Lecture du mercredi 8 avril 2026



44-02-02-01-01 : Nature et environnement- Installations classées pour la protection de l`environnement- Régime juridique- Pouvoirs du préfet- Instruction des demandes d`autorisation-

Projet soumis à autorisation environnementale - Modifications notables devant être portées à connaissance du préfet (art. L.181-14 et II de l'art. R. 181-46 du code de l'environnement) - 1) Cas de modifications n'exigeant ni prescriptions complémentaires ni adaptation de l'autorisation initiale - Préfet devant en donner acte - Existence - 2) a) Nature - Demande de modification de l'autorisation d'exploiter une ICPE au sens de l'art. L. 110-1 du CRPA - b) Conséquence - Silence valant rejet - Existence - Délai - 4 mois (1).




Il résulte des articles L. 181-14, R. 181-45 et R. 181-46 du code de l'environnement que le bénéficiaire d'une autorisation environnementale qui envisage d'apporter aux activités, installations, ouvrages ou travaux autorisés ou à leurs modalités d'exploitation des modifications notables doit, avant leur mise en oeuvre, les porter à la connaissance du préfet avec tous les éléments d'appréciation. 1) S'il considère qu'elles ne nécessitent ni le dépôt d'une nouvelle demande d'autorisation environnementale ni la fixation de prescriptions complémentaires ou l'adaptation de l'autorisation initialement délivrée, le préfet lui en donne acte. 2) a) La procédure prévue au II de l'article R. 181-46 du code de l'environnement doit être regardée comme constituant une demande de modification de l'autorisation d'exploitation d'une installation classée pour la protection de l'environnement (ICPE), au sens de l'article L. 110-1 du code des relations entre le public et l'administration (CRPA). b) Au regard des dispositions combinées du tableau annexé à l'article 1er du décret n° 2014-1273 du 30 octobre 2014 et des articles L. 181-14 et R. 181-45 du code de l'environnement, dès lors que la demande ainsi formée par le bénéficiaire de l'autorisation est susceptible d'entraîner une adaptation de l'autorisation délivrée ou des prescriptions dont elle est assortie, le silence gardé par le préfet pendant plus de quatre mois à compter de la date à laquelle le projet de modifications a été porté à sa connaissance vaut décision implicite de rejet.

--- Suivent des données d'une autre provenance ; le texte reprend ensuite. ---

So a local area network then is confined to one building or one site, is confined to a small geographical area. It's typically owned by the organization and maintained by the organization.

44-05 : Nature et environnement- Divers régimes protecteurs de l`environnement-

Autorisation environnementale - Modifications notables devant être portées à connaissance du préfet (art. L. 181-14 et II de l'art. R. 181-46 du code de l'environnement) - 1) Cas de modifications n'exigeant ni prescriptions complémentaires ni adaptation de l'autorisation initiale - Préfet devant en donner acte - Existence - 2) a) Nature - Demande de modification de l'autorisation d'exploiter une ICPE au sens de l'art. L. 110-1 du CRPA - b) Conséquence - Silence valant rejet - Existence - Délai - 4 mois (1).

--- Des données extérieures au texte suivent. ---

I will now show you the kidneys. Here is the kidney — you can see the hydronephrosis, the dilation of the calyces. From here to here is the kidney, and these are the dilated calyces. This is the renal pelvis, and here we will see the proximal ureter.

Il résulte des articles L. 181-14, R. 181-45 et R. 181-46 du code de l'environnement que le bénéficiaire d'une autorisation environnementale qui envisage d'apporter aux activités, installations, ouvrages ou travaux autorisés ou à leurs modalités d'exploitation des modifications notables doit, avant leur mise en oeuvre, les porter à la connaissance du préfet avec tous les éléments d'appréciation. 1) S'il considère qu'elles ne nécessitent ni le dépôt d'une nouvelle demande d'autorisation environnementale ni la fixation de prescriptions complémentaires ou l'adaptation de l'autorisation initialement délivrée, le préfet lui en donne acte. 2) a) La procédure prévue au II de l'article R. 181-46 du code de l'environnement doit être regardée comme constituant une demande de modification de l'autorisation d'exploitation d'une installation classée pour la protection de l'environnement (ICPE), au sens de l'article L. 110-1 du code des relations entre le public et l'administration (CRPA). b) Au regard des dispositions combinées du tableau annexé à l'article 1er du décret n° 2014-1273 du 30 octobre 2014 et des articles L. 181-14 et R. 181-45 du code de l'environnement, dès lors que la demande ainsi formée par le bénéficiaire de l'autorisation est susceptible d'entraîner une adaptation de l'autorisation délivrée ou des prescriptions dont elle est assortie, le silence gardé par le préfet pendant plus de quatre mois à compter de la date à laquelle le projet de modifications a été porté à sa connaissance vaut décision implicite de rejet.


(1) Rappr., CE, 23 septembre 2021, Société civile agricole Côte de la justice, n° 437748, T. pp. 504-786.